Pro Bono Students Canada

  • Appeals Assistance Project Crown Wardship Pilot Program: volunteers assist unrepresented, low income litigants appealing crown wardship no access orders.
  • Civil Court Project (Toronto): a Pro Bono Law Ontario self-help centre at the Superior Court in Toronto to assists low-income, unrepresented civil litigants.
  • Duty Counsel for Law Society Discipline Committee Hearings: volunteer lawyers assist unrepresented solicitors at Law Society Discipline Committee Hearings.
  • Eviction Prevention Project (Western): assists low-income renters facing eviction proceedings.
  • Family Law Project - relies on volunteers from all six Ontario law schools to provide services to unrepresented litigants in Windsor, Kingston, Ottawa, London, Toronto, North York, Milton and Brampton.

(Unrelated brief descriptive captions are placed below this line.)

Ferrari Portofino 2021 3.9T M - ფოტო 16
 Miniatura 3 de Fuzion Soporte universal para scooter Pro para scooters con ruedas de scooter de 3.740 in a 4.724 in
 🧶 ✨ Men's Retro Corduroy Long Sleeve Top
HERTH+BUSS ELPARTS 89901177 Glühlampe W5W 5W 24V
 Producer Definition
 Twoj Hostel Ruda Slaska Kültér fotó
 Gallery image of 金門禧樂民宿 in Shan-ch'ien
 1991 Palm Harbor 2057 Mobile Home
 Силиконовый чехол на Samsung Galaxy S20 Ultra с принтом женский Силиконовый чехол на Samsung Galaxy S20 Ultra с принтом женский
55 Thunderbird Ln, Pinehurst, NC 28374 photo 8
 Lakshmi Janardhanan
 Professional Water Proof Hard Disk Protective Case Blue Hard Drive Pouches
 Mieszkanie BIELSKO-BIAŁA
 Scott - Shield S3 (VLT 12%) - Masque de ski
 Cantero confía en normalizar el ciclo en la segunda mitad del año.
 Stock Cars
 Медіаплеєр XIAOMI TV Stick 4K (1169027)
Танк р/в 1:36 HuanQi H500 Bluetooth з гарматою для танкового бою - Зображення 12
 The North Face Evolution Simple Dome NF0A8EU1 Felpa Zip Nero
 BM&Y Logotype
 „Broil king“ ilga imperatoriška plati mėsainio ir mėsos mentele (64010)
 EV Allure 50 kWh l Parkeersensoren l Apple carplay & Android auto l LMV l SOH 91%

  • Federal Court Assistance Project: provides low-income, unrepresented litigants in the Federal Court with the assistance of counsel on matters with a reasonable prospect of success.
  • Health Law Student Advocacy Project (Toronto, Osgoode, Ottawa): helps unrepresented complainants by providing legal information, offering assistance with written submissions, and appearing on their behalf before the Health Professions Appeal and Review Board (HPARB). The HPARB reviews decisions made by the Complaints Committees of Ontario’s health professions Colleges.
  • Immigration and Refugee Detention Centre Project (Osgoode, Toronto): volunteer students go to provincial detention centres to present information to detainees on the immigration and refugee law process in Canada.
  • Judicial Plea: The Appeals Assistance Project: matches volunteers to low-income, unrepresented litigants for civil appeals. Services range from brief advice to full representation, including attendance at hearings.
  • Justice Ontario: a website and phone hotline provides Ontarians with a one-stop entry point for accessing legal resources and basic information on the most common justice-related topics. A project of the Ministry of the Attorney General, it also provides easy access to legal resources such as lawyer referral services and family law information centres.
  • Not-for-Profit Corporate Law Project (Toronto): addresses the vital business needs of non-profit organizations in Ontario in the areas of incorporation, charitable status registration, corporate maintenance and governance, and others.
  • Ontario Securities Commission Litigation Assistance Program: offers volunteer litigation services to unrepresented respondents appearing in enforcement proceedings for the Ontario Securities Commission.
  • Rural Entrepreneurial Legal Handbook Project (Queen’s): helps provide legal information to rural communities by researching and developing legal resources for rural communities in Eastern Ontario. Student volunteers are working to produce a legal handbook for entrepreneurs starting small, rural businesses in the region.
  • Small Claims Court Project (Toronto): provides general procedural and legal information enabling these individuals to complete the court process as independently as possible. In addition to providing information, a duty counsel lawyer can attend hearings or settlement conferences, help clients identify the legal issues related to their case, provide information on the rules and procedures of small claims court and answer general legal questions.
  • Tax Court of Canada Advocacy Project: offers representation to appellants in the informal procedure, with claims under $25,000. This project also operates in Quebec and is a pilot project in Nova Scotia.
  • Wills Project (Toronto, Osgoode): volunteers draft wills and powers of attorney for low-income clients.